The airports authority will speed things up, but toll road commuters may pay dearly.

Monday, April 3, 2006; Page A18

THE DISTANT, GAUZY idea of extending Metrorail to Dulles International Airport and beyond just got a lot more real. Virginia Gov. Timothy M. Kaine (D) agreed in principle to hand control of the Dulles Toll Road corridor to the Metropolitan Washington Airports Authority -- and with it the plan to extend Metro's Orange Line by 23 miles from West Falls Church to Tysons Corner, the airport and into Loudoun County. By putting the plan in the hands of the entity most interested in seeing it completed, Mr. Kaine has vastly increased its chances. As for whether that's a fair or good idea, it depends largely on whether you are a daily commuter on the toll road. Because if you are, expect to pay a disproportionate share of the cost.

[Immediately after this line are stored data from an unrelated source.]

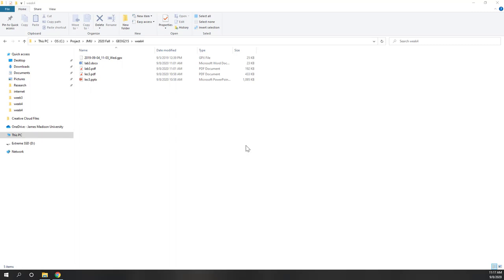In this lab, we will try to view the GPS point, which is one type of very common spatial dataset. We're going to import GPS points into ArcGIS Pro and also view those GPS points.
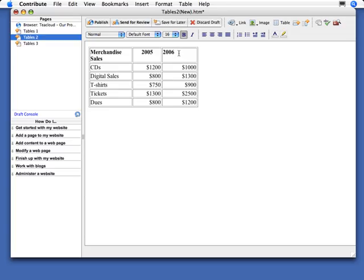But if you just want the title to be centered, then you can still use the button up here to center just that title. But as a general rule, it's better to set the properties of the cell first before you use these buttons up here.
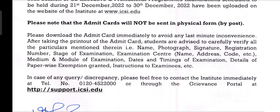After taking the printout of the Admit Card, students are advised to carefully verify all the particulars mentioned therein, i.e., name, photograph, signature, registration number, stage of examination, examination center name, address, code, etc. Medium and module of examination, date and timing of examination, detail of paper-wise examination exemption granted, and instructions to examinee, etc.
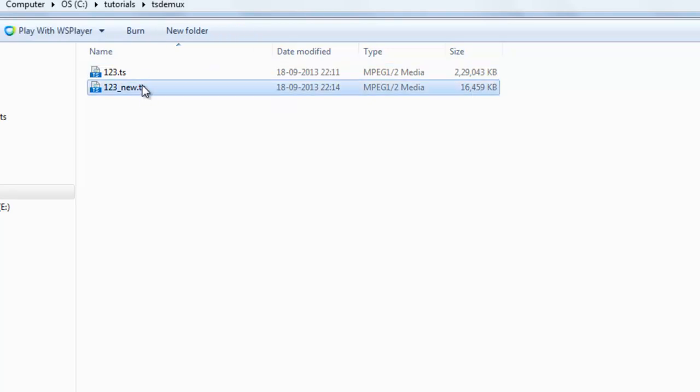The new video is only 16 MB. This is the method to split, cut, or trim a .ts video file. Thanks for watching this tutorial.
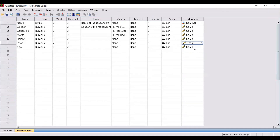Once you are done with the categorization and specification of all the variables, your variable view window is complete. All the information related to variables is in the variable view, all respondent data is shown in the data view, and the output will be generated in the output window. Once you have specified and categorized the variable view, you can proceed with any kind of analysis. In the next video, I will be discussing how to run the analysis in SPSS using this information. I hope you liked this video — do click on the subscribe button to get notifications. Thanks for watching, have a good day.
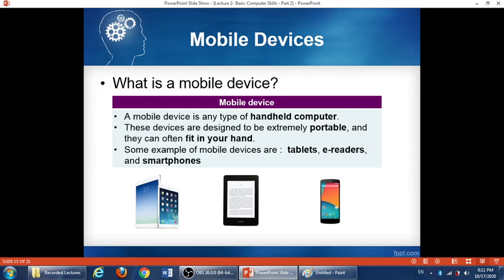Now let us talk about the last topic of this lecture: mobile devices. A mobile device is any type of handheld computer — handheld meaning you can carry it in your hand, so it is not heavy or big. These devices are designed to be extremely portable, more portable than a laptop, and can often fit in your hand. Some examples of mobile devices are tablets, e-readers, and smartphones.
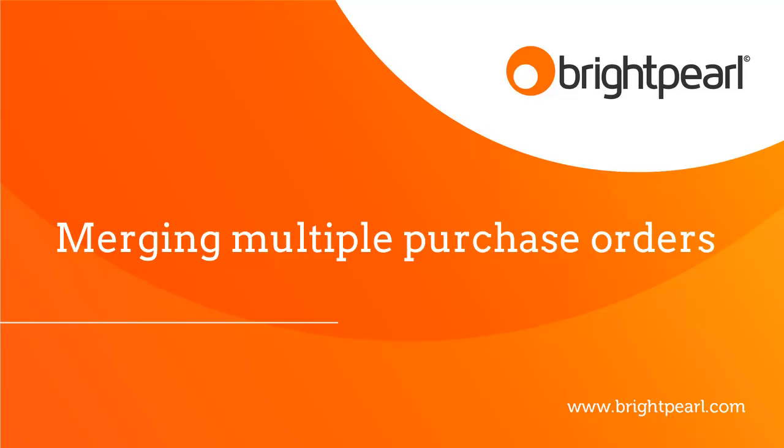If your supplier is sending you a single purchase invoice to cover multiple purchase orders, then the best approach is actually to receive that purchase invoice against the separate purchase orders without merging them. And it's quite likely that you will already have received the inventory, so you can't merge them anyway.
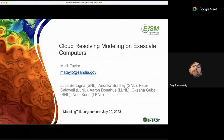Hey everybody, I'd like to introduce Mark Taylor from Sandia National Labs, who is going to talk about the computational challenges of modeling the climate of the whole world. Welcome, Mark.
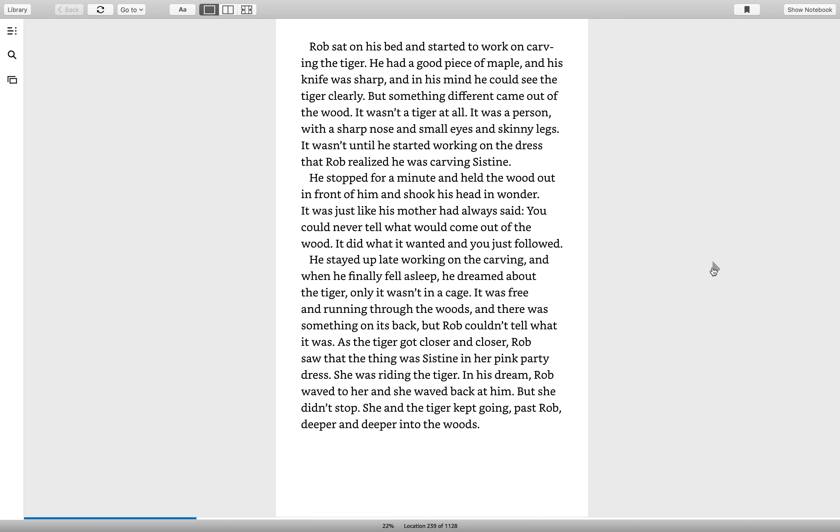Rob sat on his bed and started to work on carving the tiger. He had a good piece of maple and his knife was sharp. And in his mind, he could see the tiger clearly. But something different came out of the wood. It wasn't a tiger at all. It was a person with a sharp nose and small eyes and skinny legs. It wasn't until he started working on the dress that Rob realized he was carving Sistine. He stopped for a minute and held the wood out in front of him and shook his head in wonder. It was just like his mother had always said. You could never tell what would come out of the wood. It did what it wanted and you just followed.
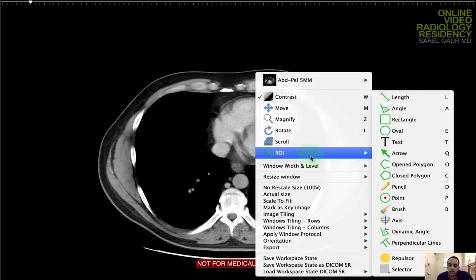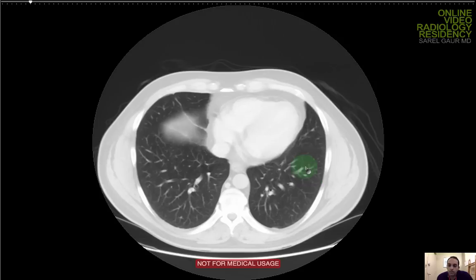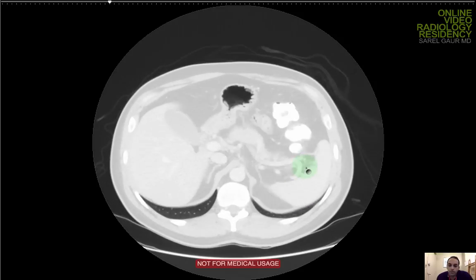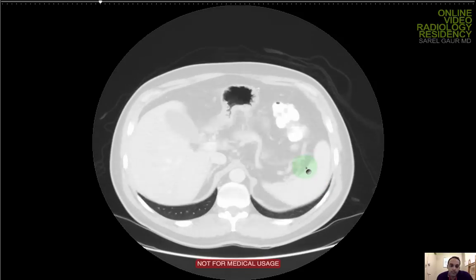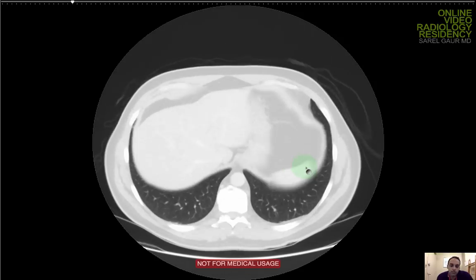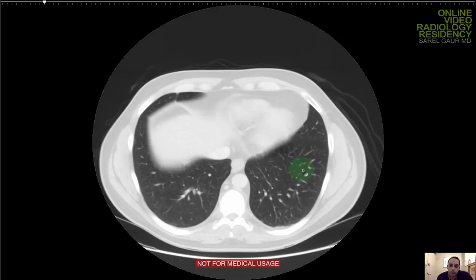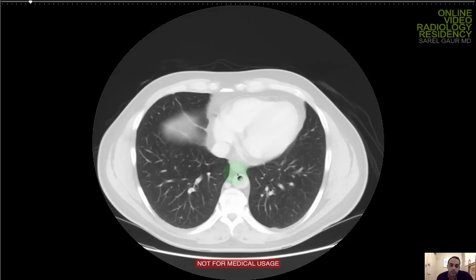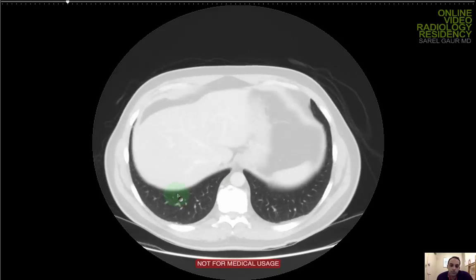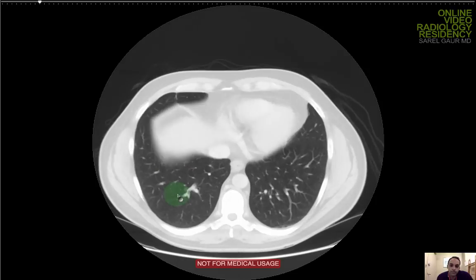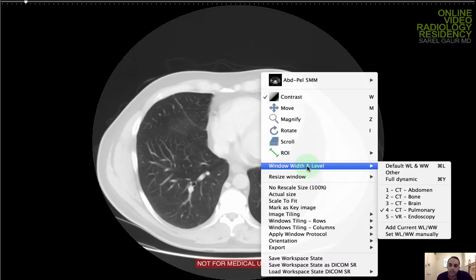I'm going to start with the lungs. I'm looking at lung windows, looking at each lung, basically looking for effusions or consolidations, pneumonia, congestion, any findings I can pick up — small nodules. I'm not seeing anything. The lungs are clear.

The airports authority has done its best to assure commuters that the price for using the toll road, now 50 to 75 cents, would rise no faster than the rate of inflation. But don't count on it. The authority would be on the hook for roughly half the nearly $4 billion price tag for rail, plus an additional $360 million in road improvements along the corridor. It would retain the right to fix tolls at the level needed to pay for such a massive commitment. In place of the federal government's paying for half of the project, the airports authority would shift the burden to toll road commuters. No one should be surprised when toll prices jump.

Also of concern is how well the authority would manage Metrorail's extension through Tysons Corner, which has become one of the East Coast's largest concentrations of office space and this region's second downtown. Metrorail's promise for Tysons is not only transit; the goal is to help knit that jumble of office parks, shopping centers and highways into something resembling a collection of walkable city neighborhoods. But success at Tysons may not be the authority's priority.

Unsurprisingly, all this makes some Northern Virginia politicians nervous. They want a mechanism by which people could object to toll increases. The airports authority promises "transparency," by which it seems to mean briefing local officials and holding a hearing or two before raising rates. But since the authority's 13-member governing board is appointed, it needn't worry about the wrath of voters; in fact, it would not be strictly accountable (although five of the 13 are Northern Virginians appointed by the governor). So local officials are threatening to block the 25 percent portion of the rail link that would be funded by a special local tax district.

Despite all those problems, other options for extending Metrorail along the toll road are probably worse. Competing private proposals to lease the toll road from the state, while arguably fairer, offered no guarantee the rail project would ever be finished -- or even that the money paid to the state would be returned to Northern Virginia. Those proposals relied heavily on federal funding, which might not have materialized, and the good will of lawmakers in Richmond, who are not known for their generosity to Northern Virginia.

In essence, the state has opted to increase the chances of construction at the expense of fairer burden-sharing. That approach may be imperfect, but in the real world it is probably better than the others.